Information supplied.
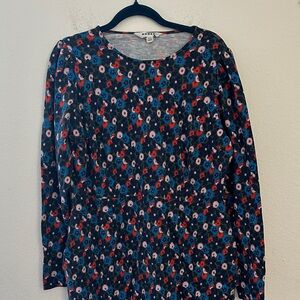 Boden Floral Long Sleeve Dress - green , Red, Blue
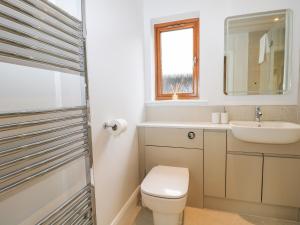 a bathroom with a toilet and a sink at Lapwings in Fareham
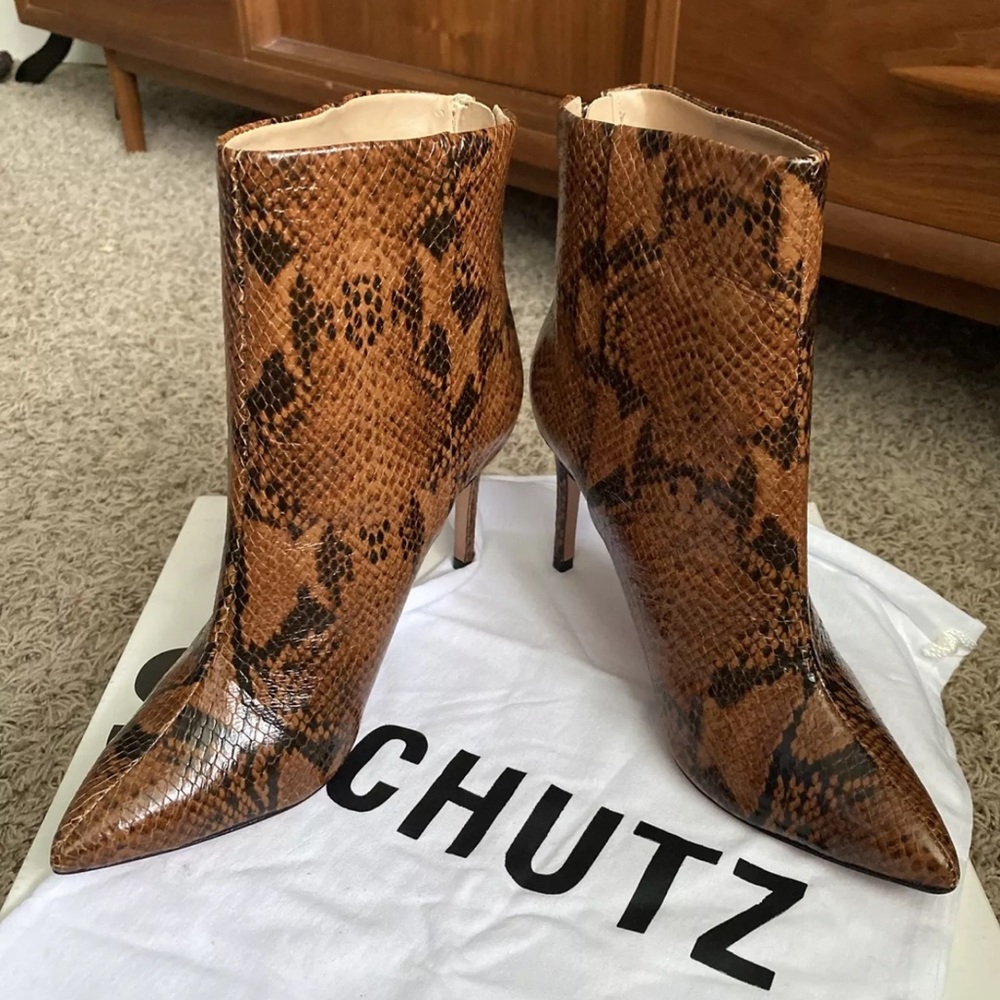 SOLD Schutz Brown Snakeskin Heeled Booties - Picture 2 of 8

Exercise prompt.
When you retype the data above, match every line exactly and leave the pictures behind.

Written response.
 Boden Floral Long Sleeve Dress - green , Red, Blue
 a bathroom with a toilet and a sink at Lapwings in Fareham
 SOLD Schutz Brown Snakeskin Heeled Booties - Picture 2 of 8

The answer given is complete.